-- Work item --
Work through the listing below and give again exactly the lines from the one with "Hey kids, welcome" to the one with "Question 5: f(x)", both ends included. All other lines and all pictures stay out.

-- Exercise inputs --
[Start of Attachment]

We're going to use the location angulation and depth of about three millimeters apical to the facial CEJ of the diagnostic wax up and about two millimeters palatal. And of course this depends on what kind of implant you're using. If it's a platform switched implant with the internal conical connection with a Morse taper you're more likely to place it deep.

[End of Attachment]
[Start of Attachment]

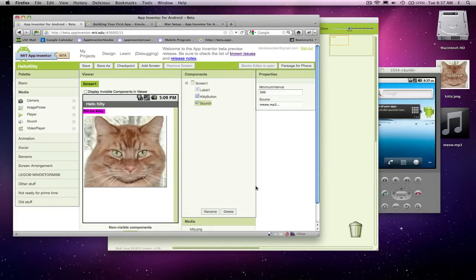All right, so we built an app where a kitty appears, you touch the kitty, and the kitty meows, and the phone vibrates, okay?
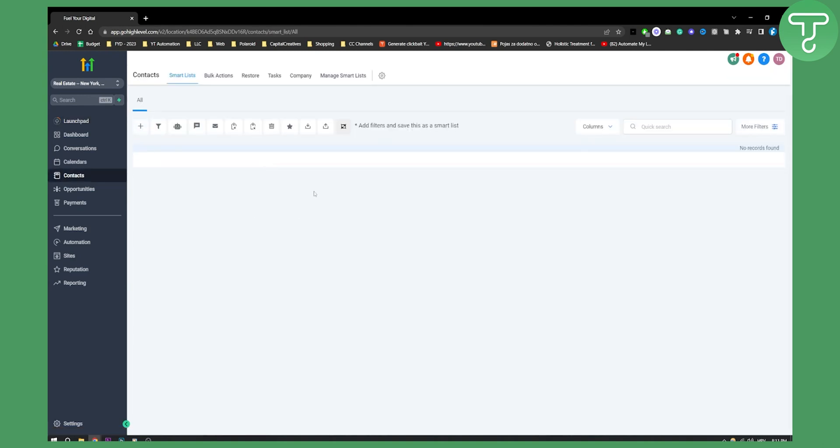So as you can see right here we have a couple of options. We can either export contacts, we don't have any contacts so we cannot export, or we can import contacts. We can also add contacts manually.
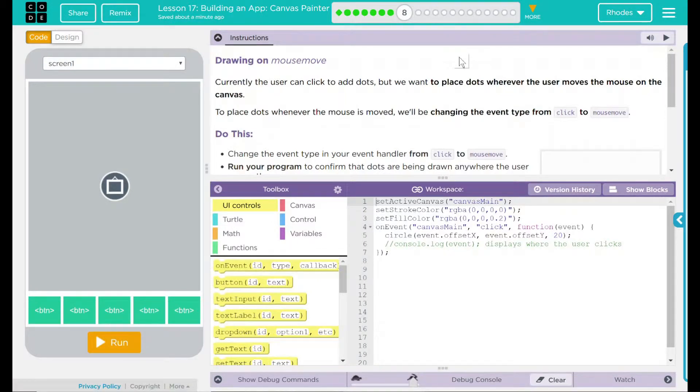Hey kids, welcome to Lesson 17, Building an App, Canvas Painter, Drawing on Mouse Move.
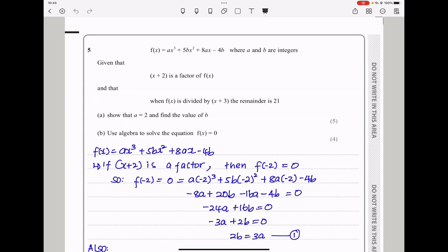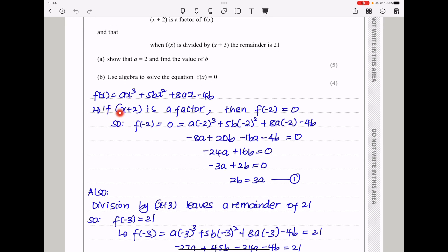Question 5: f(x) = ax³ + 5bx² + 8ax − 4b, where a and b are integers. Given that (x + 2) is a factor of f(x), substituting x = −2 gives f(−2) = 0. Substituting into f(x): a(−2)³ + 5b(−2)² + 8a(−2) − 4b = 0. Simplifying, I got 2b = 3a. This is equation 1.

[End of Attachment]
[Start of Attachment]

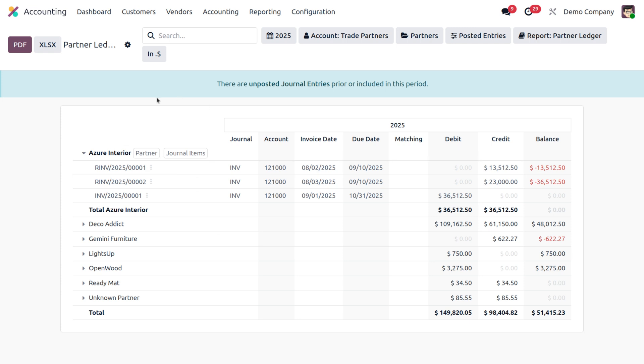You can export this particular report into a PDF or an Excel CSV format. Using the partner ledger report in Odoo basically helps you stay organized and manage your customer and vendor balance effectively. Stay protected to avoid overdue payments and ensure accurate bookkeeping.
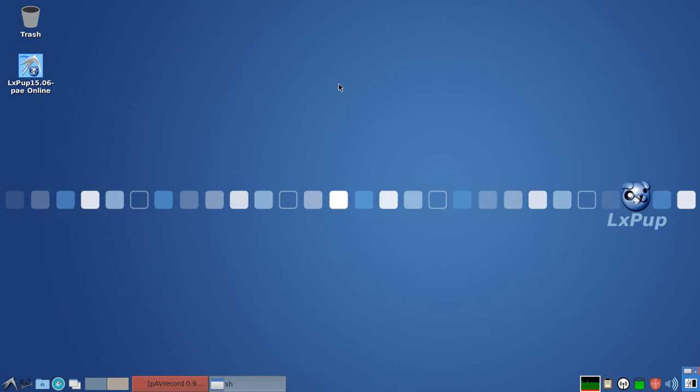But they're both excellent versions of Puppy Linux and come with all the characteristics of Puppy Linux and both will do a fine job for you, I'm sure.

[End of Attachment]

-- Output below --
Hey kids, welcome to Lesson 17, Building an App, Canvas Painter, Drawing on Mouse Move.
Question 5: f(x) = ax³ + 5bx² + 8ax − 4b, where a and b are integers. Given that (x + 2) is a factor of f(x), substituting x = −2 gives f(−2) = 0. Substituting into f(x): a(−2)³ + 5b(−2)² + 8a(−2) − 4b = 0. Simplifying, I got 2b = 3a. This is equation 1.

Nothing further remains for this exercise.